Often taken with the drug Ecstasy, nitrous oxide can cause confusion, headaches and a sensation that one is about to pass out or faint.

The effects last 2 to 3 minutes — enough time for someone to die, Pena says. Police have received reports of people inhaling nitrous oxide while driving – an extremely dangerous combination.

A commonly abused form of nitrous oxide is found in small, pressurized food-preparation containers called “whip-its,” or EZ Whip. Users place the whip-it in a “cracker,” and then place a balloon on one end of the cracker and turn it until the whip-it pops. This releases nitrous oxide into the balloon.

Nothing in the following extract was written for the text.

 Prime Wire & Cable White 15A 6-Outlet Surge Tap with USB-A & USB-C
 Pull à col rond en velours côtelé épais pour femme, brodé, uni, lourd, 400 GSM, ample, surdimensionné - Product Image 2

Whip-its, a cracker and a balloon can be purchased on-line for about $10 to $20, Pena says.
 
Large, pressurized gas tanks containing nitrous oxide can be purchased at race car shops for between $50 and $100, Pena says. The gas commonly is used to improve engine performance.

Long-term abuse can damage the central nervous system and brain cells. Users also can suffer loss of balance and dexterity, weakness, and numbness in the extremities.

At high doses, nitrous oxide can kill since it replaces oxygen in the bloodstream, depressing the central nervous system and halting breathing.

It’s a misdemeanor to possess nitrous oxide, or any substance containing nitrous oxide, with the intent of inhaling it to get intoxicated, Pena notes.

Pena hopes that the now-familiar sight of teens and young adults in Anaheim sucking on balloons becomes less common.

“Parents, teachers, and law enforcement need to recognize the paraphernalia used while inhaling nitrous oxide,” Pena says. “And children need to be educated about the dangers and long-term effects – and the possibility of death.

“This is one balloon, figuratively speaking, that needs to be popped.”